現金支給を受け取ってから最初の8ヶ月で、キシンバさんの家族は必要な分の農作物を育てることができました。最終的に、彼女は畑に農作物を植え替えるために新しい人を雇い、家畜を購入することができました。

女性の経済的エンパワーメント

現金支援における最も興味深い変化の一つは、国連WFPが女性への支給を優先していることです。女性の経済的自立なくしては、世界の飢餓に終止符を打つことはできません。女性の手元により多くの現金を渡すことは、国際経済に数兆ドル追加することに繋がり、理にかなっています。ビル&メリンダ・ゲイツ財団は、人道的な現金支援を直接女性に支給することで1億人の女性を貧困から助け出すことができると推測しています。貧困が減少すれば、飢餓も減少します‐これは国連WFPのミッションです。

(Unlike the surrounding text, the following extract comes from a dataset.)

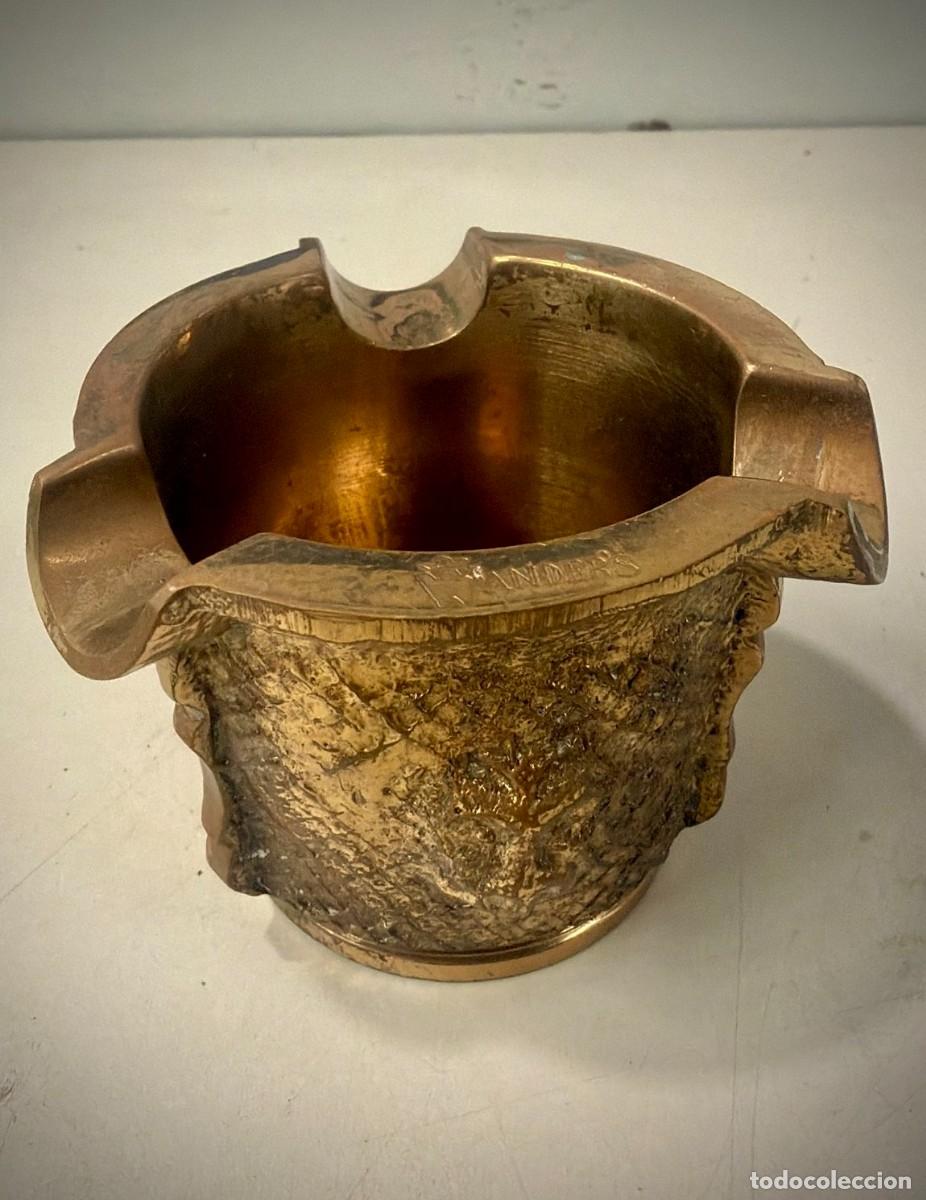 Ceniceros: Cenicero de bronce vintage - Foto 1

干ばつに見舞われたソマリアでは、ハリマさんが電子マネーで毎月支給されたお金の一部を貯金し続け、ことができました彼女はこの貯金と融資を得て、彼女と家族が住む難民キャンプで小売店を立ち上げ、成功させることができました。

ソマリア:ハリマさんのインタビュー動画

国連WFPは他の女性たちにもハリマさんのように経済的自立を実現してもらいたいと、自分名義で作られた銀行口座の開設を勧めています。自分名義での銀行口座の開設は、融資や貯蓄といった他の金融サービスを利用するための入り口となり、小さなビジネスの立ち上げといった可能性も与えます。

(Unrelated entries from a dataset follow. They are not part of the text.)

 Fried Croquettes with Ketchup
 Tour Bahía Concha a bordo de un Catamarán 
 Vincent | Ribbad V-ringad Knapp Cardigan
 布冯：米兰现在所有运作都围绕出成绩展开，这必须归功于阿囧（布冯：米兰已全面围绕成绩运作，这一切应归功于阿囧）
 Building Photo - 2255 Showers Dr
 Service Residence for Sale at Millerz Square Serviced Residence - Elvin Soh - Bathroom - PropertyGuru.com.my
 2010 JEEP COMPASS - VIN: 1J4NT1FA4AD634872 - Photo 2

このポリシーを通じて期待されることは、女性が自分名義の口座を持てるよう国連WFPが支援することで、彼女たちは政府や海外で働いている家族から、あらゆる種類の送金を受け取ることができるようになるということです。



国連WFPが女性に対する現金支給を行う理由

公共システムの支援

レバノンの首都ベイルートでは、アリスさんと家族がレバノン政府の社会保障制度を通じて現金を受け取っています。国連WFPは政府と協力して、およそ100万人に社会支援を提供しています。アリスさんにとって、支給日までの日々は大変なものです。

WFP cash Alice
ベイルートに住むアリスさんと子ども。

 Photo: WFP/Gabi Menezes

「自分が無力で、時々息苦しくなります。家には何もなく、子どもたちはお腹が空いたまま眠る夜もあります。私はそんな時、ただ政府からお金が支給されるのを待つしかありません。」と彼女は言います。

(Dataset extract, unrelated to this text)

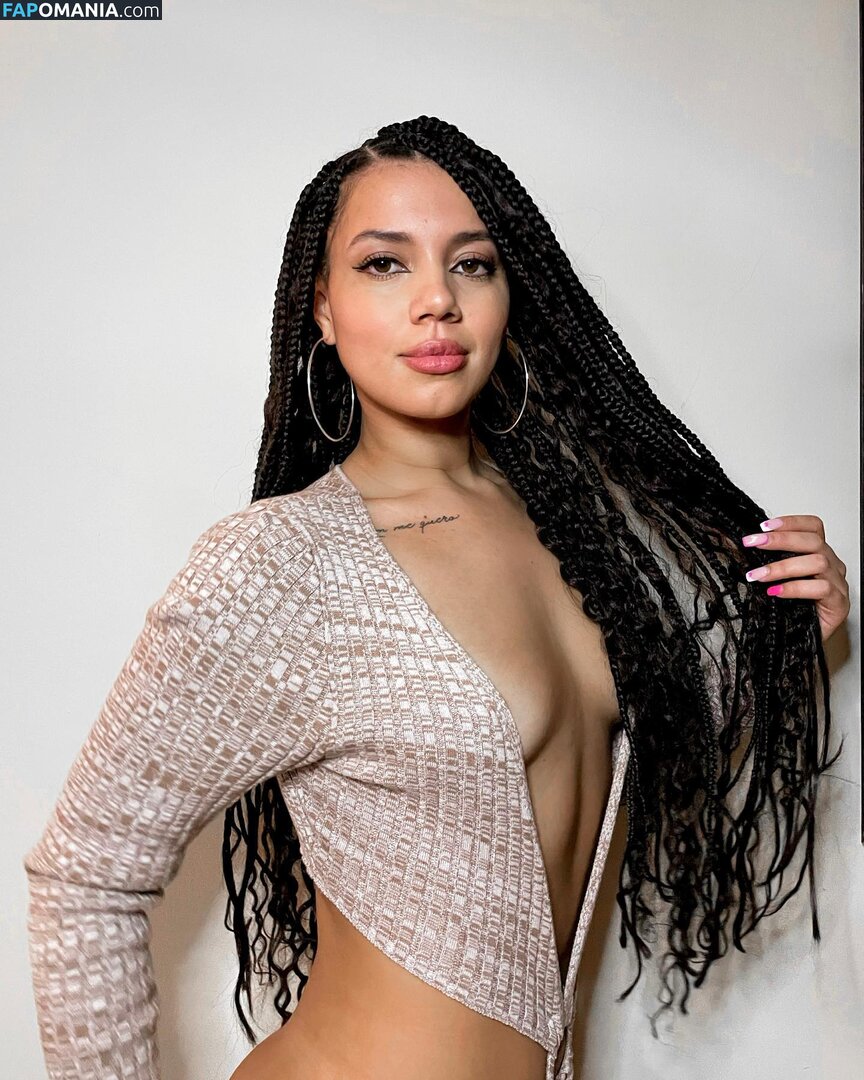 Amanda Carvalinda Nu OnlyFans  Photo fuitée #7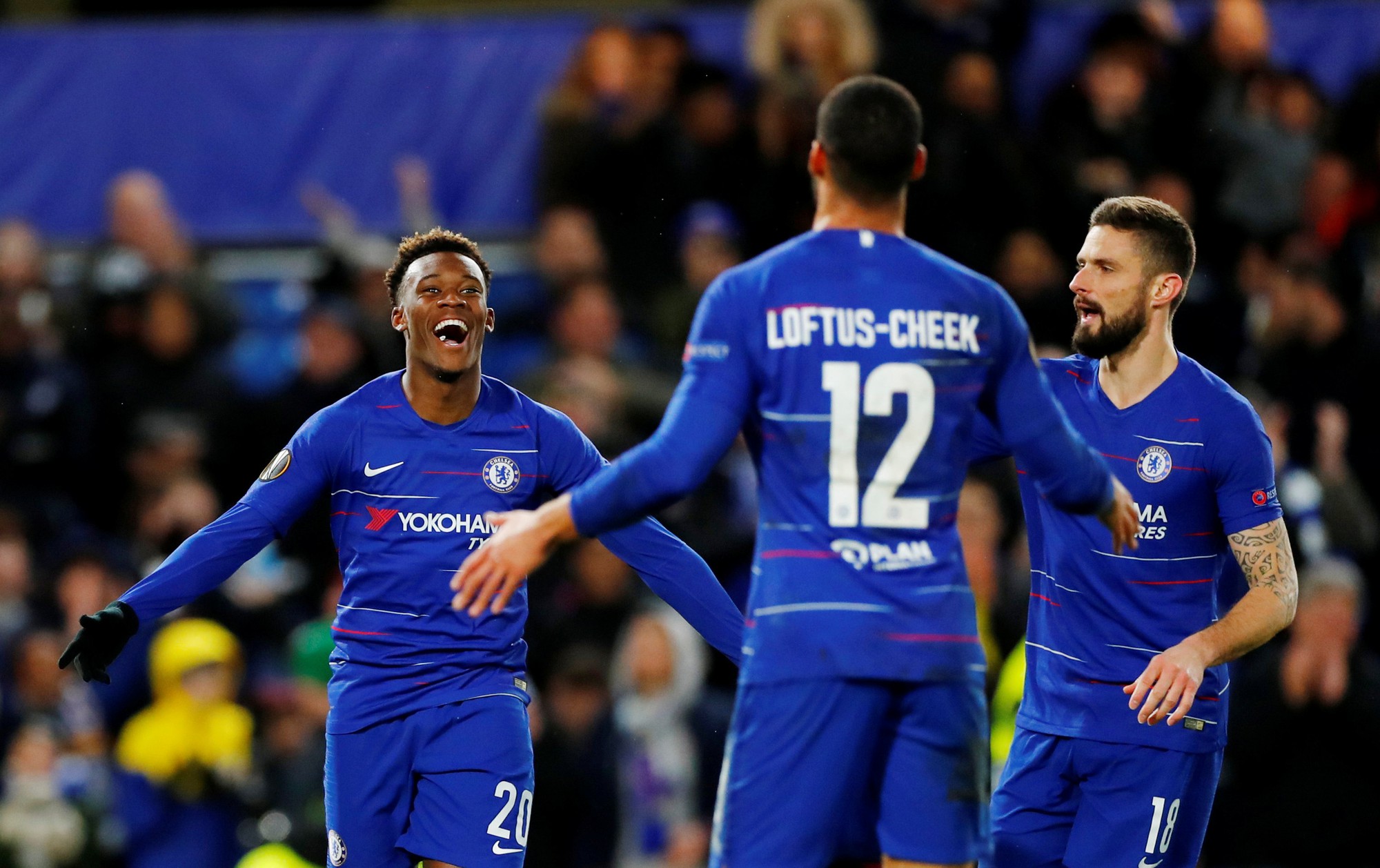 Phản đồ Chelsea lên tuyển Anh ở tuổi 18 - Ảnh 2.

レバノンにおける国連WFPの活動は、いかに私たちが各国政府と手を携えて、その国の社会保障制度を支援することが増えているかを示しています。国民の生活を保障することは政府の責任ですが、国連WFPは専門知識を活かして支援することができます。

2022年、65か国の政府が国の現金支給プログラムの立ち上げや強化のために、国連WFPに支援を要請しました。 

10年以上にわたる現金支援の活動は、現金支援における世界のリーダーとしての国連WFPの評価を確固たるものとしています。国連WFPは支援が行き届きにくい場所に住む人にも人、お金を届ける専門知識を培ってきました。政府、民間企業、また他の国連機関とのパートナーシップのおかげで、現金支援は新たな段階に移行することができ、人々が自立して生活できるような変革をもたらすことができます。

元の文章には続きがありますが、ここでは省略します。